Job Title: Quality Assurance Auditor II - GMP

Job Responsibilities :

Ensures that quality standards are compliant for products and services according to Standard Operating Procedure and applicable regulations. Responsible for the review and approvals of documents in support of the manufacturing systems (e.g. production procedures, equipment procedures, facilities, training records).

Responsibilities and Duties:

  1. Review and approve SOPs, RMSR, customer specifications to ensure compliance with applicable ISO 13485 Standards and FDA Part 820, as applicable. Helps maintain the document management system (i.e. Intelex).

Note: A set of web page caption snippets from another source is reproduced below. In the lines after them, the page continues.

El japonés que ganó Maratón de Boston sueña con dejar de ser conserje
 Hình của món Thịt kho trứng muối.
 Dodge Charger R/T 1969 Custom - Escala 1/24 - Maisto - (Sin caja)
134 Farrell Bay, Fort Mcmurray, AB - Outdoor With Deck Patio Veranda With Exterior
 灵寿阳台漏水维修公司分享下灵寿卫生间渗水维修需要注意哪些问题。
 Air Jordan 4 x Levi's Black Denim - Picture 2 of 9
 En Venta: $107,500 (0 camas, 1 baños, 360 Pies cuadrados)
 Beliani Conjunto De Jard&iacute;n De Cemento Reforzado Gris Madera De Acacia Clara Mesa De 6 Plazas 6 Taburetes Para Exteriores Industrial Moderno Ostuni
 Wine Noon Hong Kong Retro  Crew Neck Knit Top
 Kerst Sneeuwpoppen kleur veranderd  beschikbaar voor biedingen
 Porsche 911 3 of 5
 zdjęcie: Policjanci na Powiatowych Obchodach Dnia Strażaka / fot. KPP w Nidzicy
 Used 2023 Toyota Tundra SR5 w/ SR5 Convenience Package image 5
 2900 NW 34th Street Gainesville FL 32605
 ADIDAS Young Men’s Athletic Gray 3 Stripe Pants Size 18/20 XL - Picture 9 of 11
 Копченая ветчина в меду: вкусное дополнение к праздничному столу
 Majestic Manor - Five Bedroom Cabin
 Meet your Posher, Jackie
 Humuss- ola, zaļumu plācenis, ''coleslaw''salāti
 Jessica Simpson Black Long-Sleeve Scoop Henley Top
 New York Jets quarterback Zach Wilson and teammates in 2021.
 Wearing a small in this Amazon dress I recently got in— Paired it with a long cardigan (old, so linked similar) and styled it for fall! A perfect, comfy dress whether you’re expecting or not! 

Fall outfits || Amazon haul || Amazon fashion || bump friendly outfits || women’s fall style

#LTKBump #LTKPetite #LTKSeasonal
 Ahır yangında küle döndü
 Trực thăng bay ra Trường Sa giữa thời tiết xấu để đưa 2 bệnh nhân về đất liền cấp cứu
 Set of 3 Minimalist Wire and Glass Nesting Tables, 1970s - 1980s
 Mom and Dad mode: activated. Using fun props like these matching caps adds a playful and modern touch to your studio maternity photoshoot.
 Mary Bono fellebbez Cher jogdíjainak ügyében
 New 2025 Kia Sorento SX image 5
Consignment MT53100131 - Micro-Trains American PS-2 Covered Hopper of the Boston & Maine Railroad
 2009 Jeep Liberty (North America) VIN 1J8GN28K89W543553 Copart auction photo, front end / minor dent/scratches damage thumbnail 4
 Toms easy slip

  2. Responsible for reviewing batch record to ensure that the quality of finished products are manufactured, labeled, tested and packaged in compliance with industry regulatory standards, customer specifications and policies. Review QC data and Certificate of Analysis, as applicable.

  • Periodically conduct visual inspections of processed finished product, shipping labels, shipping area and records.

  • Conduct internal audits according to Master Audit Plan, report findings to Head of Quality and Management. Ensure corrective actions are addressed to improve compliance and ensure product quality.

  • Promote Quality mindset and positive communication at all levels within the aspects of a growth organization.

  • Helps prepare the organization for ISO 13485, FDA Part 820 and routine audits.

  • Adheres to safety and security standards.

  • Performs other duties as assigned.

Qualifications : (Knowledge, Skills and Abilities: Education, Experience, Job Skills, Equipment Skills, and Certifications)

  • BS in biology, chemistry or related life sciences field.

  • Minimum of 5 years of experience in medical device / biotech field.

  • Working knowledge of cGMP, ISO 13485 and demonstrated ability to interpret and apply these guidelines and company policy into current practices and procedures.

  • Working knowledge of quality system operation in a GMP and/or ISO environment.

  • Computer literacy to include Office products and Intelex.